For this exercise, output the entries below exactly from the line that holds "CORSICA V-Neck Top, Yellow" to the line that holds "Camicia Donna Tommy", both ends included. No pictures belong in the copy.

Top of GIVEN DATA

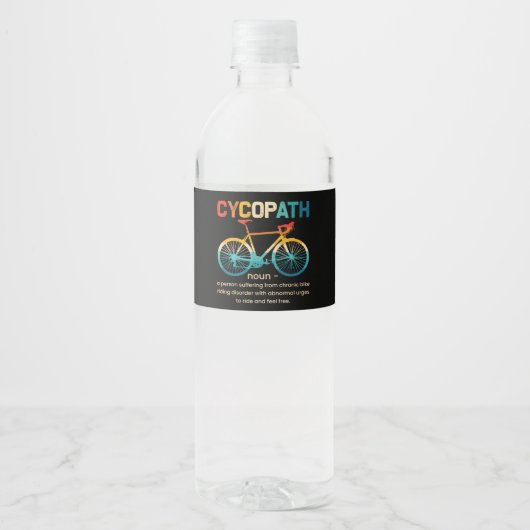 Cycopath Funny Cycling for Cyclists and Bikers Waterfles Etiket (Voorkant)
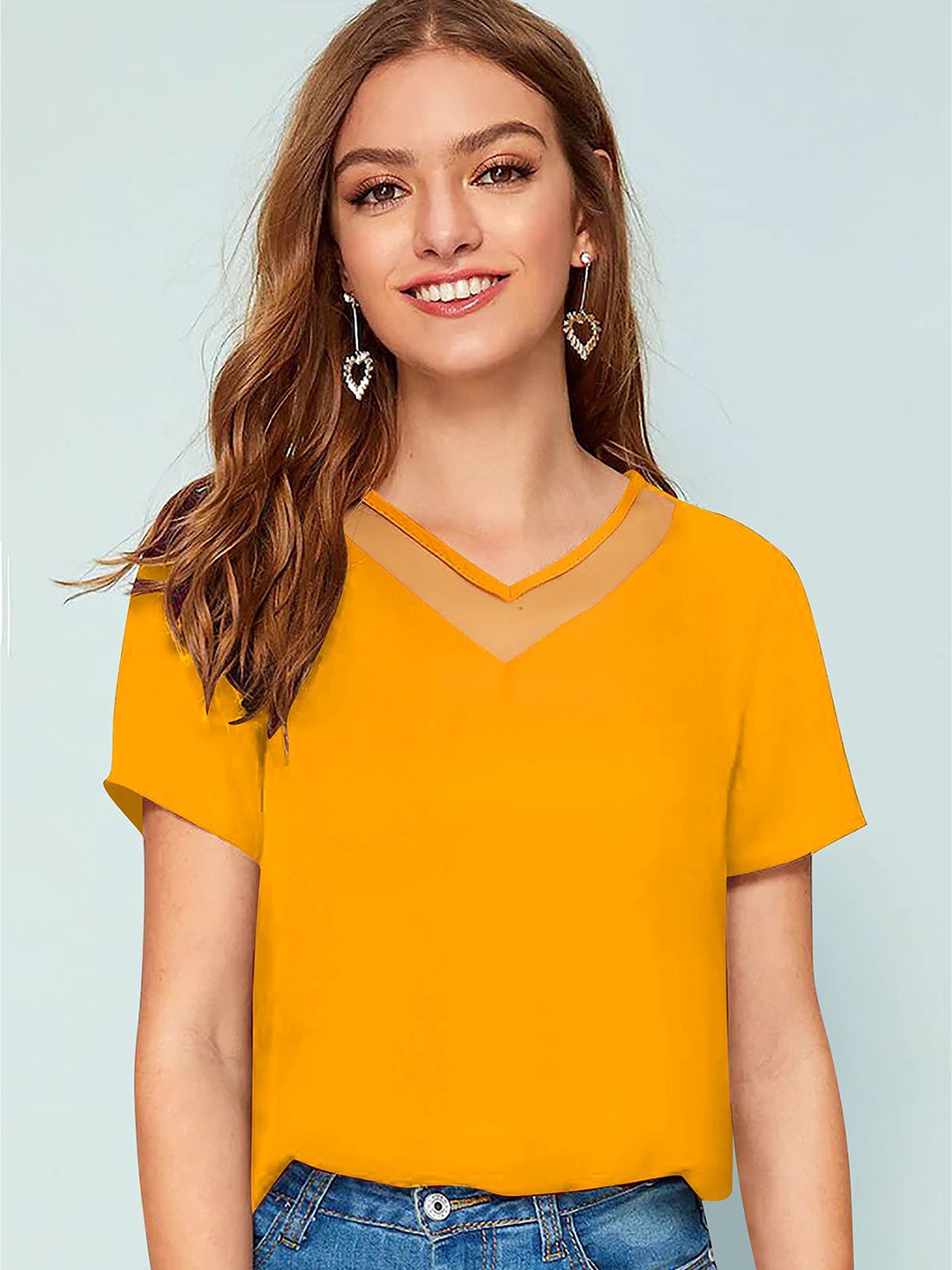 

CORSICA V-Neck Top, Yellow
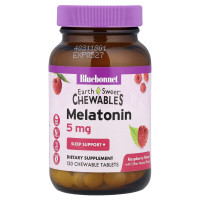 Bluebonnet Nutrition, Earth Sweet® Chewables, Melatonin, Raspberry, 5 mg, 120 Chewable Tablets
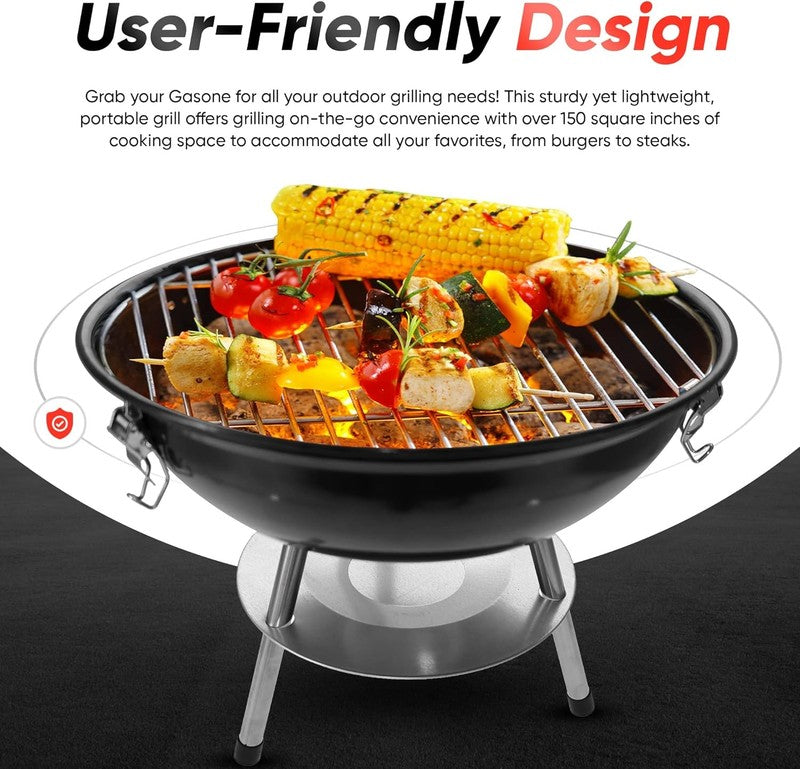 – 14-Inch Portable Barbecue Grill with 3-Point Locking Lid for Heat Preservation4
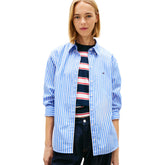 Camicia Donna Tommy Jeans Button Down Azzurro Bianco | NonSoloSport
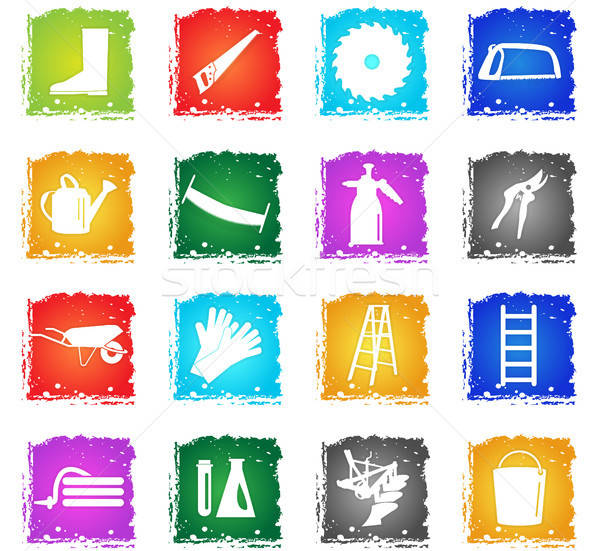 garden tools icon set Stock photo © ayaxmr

Bottom of GIVEN DATA

> _WRITTEN RESPONSE_
CORSICA V-Neck Top, Yellow
 Bluebonnet Nutrition, Earth Sweet® Chewables, Melatonin, Raspberry, 5 mg, 120 Chewable Tablets
 – 14-Inch Portable Barbecue Grill with 3-Point Locking Lid for Heat Preservation4
 Camicia Donna Tommy Jeans Button Down Azzurro Bianco | NonSoloSport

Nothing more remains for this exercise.